Review: The Past
The detective genre is, fittingly, a deceptive one: it’s all about solving a mystery, sure, and that makes sense, but the real mystery is never – and should never really be – who killed whom. It should be who people really are. What secrets do we hide and why? Asghar Farhadi’s involving, sensitive and suspenseful “Whydunit” is a better detective story than most. It’s about solving a series of emotional crimes for which, perhaps, no one can technically be convicted but whose victims are very hard to number.
A Separation’s Ali Mosaffa plays Ahmad, an Iranian man returning to his old home in France to finally sign his divorce papers with Marie, played by The Artist’s Bérénice Bejo. There’s a strange boy living at his old house, who has a mighty temper. Come to think of it, Marie has a mighty temper too. Her daughter Lucie (Pauline Burlet) doesn’t like to come home at night. Marie’s new fiancé Samir (Tahar Rahim) doesn’t like the fact that Ahmad is staying with his new family, and there's something nobody knows about his comatose wife.
Ahmad seems like a decent enough guy. Ali Mosaffa certainly plays him as such. In fact, everyone seems decent enough. That’s part of the problem. Everyone is trying so hard to be the best person they can that they’re afraid to be genuine with each other. The emotional manipulations, capitulations and frustrations mount into a catacomb of tunnels that can only be navigated by someone from the outside who also cares enough to see what lies in their depths. And even then, Ahmad’s interest only goes so far, and The Past eventually lets others pick up his slack and solve the mysteries that mean the world to them, but don’t necessarily matter to the ex-husband who left for a damn good reason.

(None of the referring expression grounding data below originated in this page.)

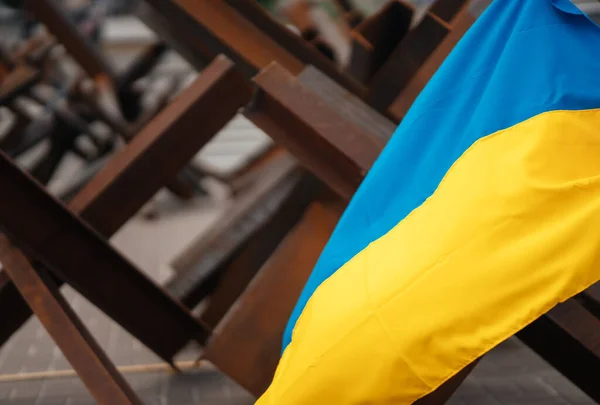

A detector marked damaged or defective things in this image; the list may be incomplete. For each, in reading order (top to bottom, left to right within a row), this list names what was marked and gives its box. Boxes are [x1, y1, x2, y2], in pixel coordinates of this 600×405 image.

rusty steel beam [23, 0, 115, 82]
rusty steel beam [0, 55, 248, 358]
rusty steel beam [248, 62, 384, 200]
rusty steel beam [0, 234, 143, 404]
rusty steel beam [204, 193, 344, 394]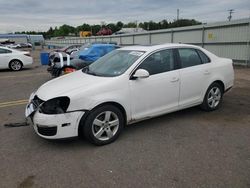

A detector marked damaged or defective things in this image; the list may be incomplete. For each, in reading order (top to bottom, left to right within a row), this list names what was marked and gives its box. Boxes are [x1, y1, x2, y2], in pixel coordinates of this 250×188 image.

crumpled hood [35, 70, 110, 100]
broken headlight [39, 97, 70, 114]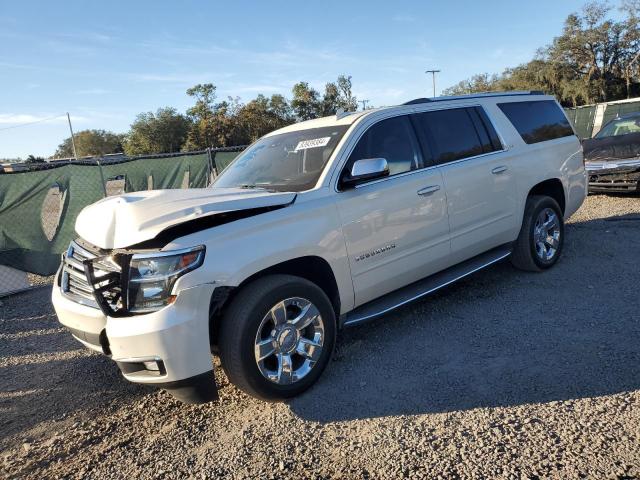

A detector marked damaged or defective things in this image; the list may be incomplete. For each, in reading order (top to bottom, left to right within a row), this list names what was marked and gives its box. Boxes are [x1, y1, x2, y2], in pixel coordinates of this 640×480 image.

damaged front bumper [584, 159, 640, 193]
crumpled hood [76, 188, 296, 249]
damaged front bumper [51, 272, 220, 404]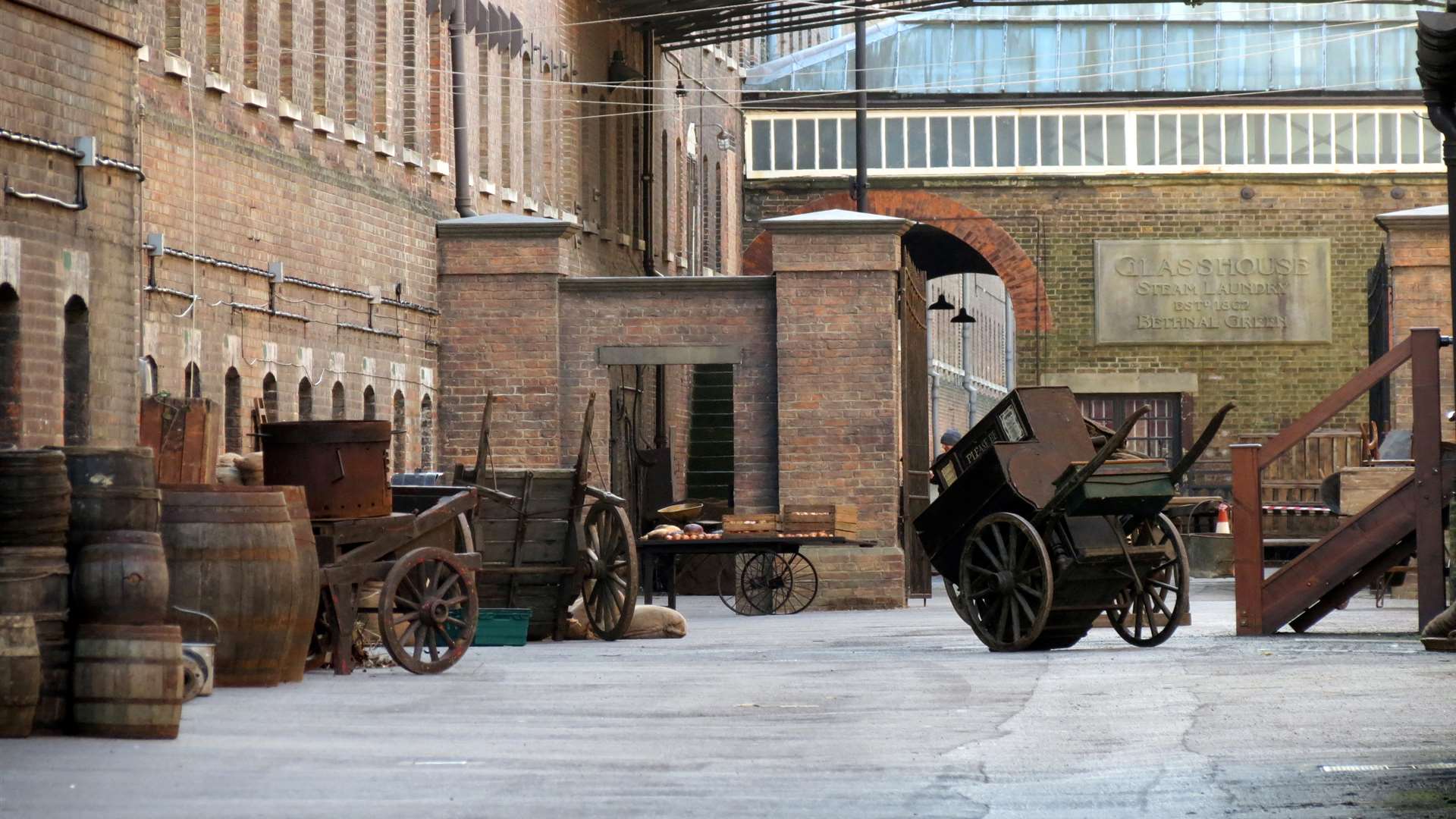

That reason, of course, is Bérénice Bejo, who turns in a particularly marvelous performance as a woman so thoroughly encased in stress, self-imposed and otherwise, that she bursts out of it in a wild temper at the slightest provocation. We should despise her for it. Lord knows we’d understand if her children did. But Bejo’s outbursts never ascend into hammy territory, nor does she ever cross a thick painted line into cruelty. Marie has a character flaw that hurts others, hurts herself, and Asghar Farhadi’s rich screenplay offers more than enough explanation to keep her sympathetic despite all that. Certainly Bejo is an exceptional enough actress to bring those nuances to life.
There are moments of shock in The Past, not at violence per se but at what we’re willing to do to each other, and by what we’re afraid they will do in return. The film preaches honesty and tenderness by illustrating dramatically, intriguingly, frantically what results from the opposite. That it makes for a fascinating story doesn’t undermine its tragedy, and Asghar Farhadi is never obtrusive enough to let his unusual detective yarn get wrapped up in overwhelming or hypnotic cinematic style. The hand of the storyteller is only obvious in that a story is being told, and expertly enough to keep us from thinking about him at all. We’re focused on his creations: a cast of impeccable characters and a world made both complicated and intense by what they have chosen to do within it.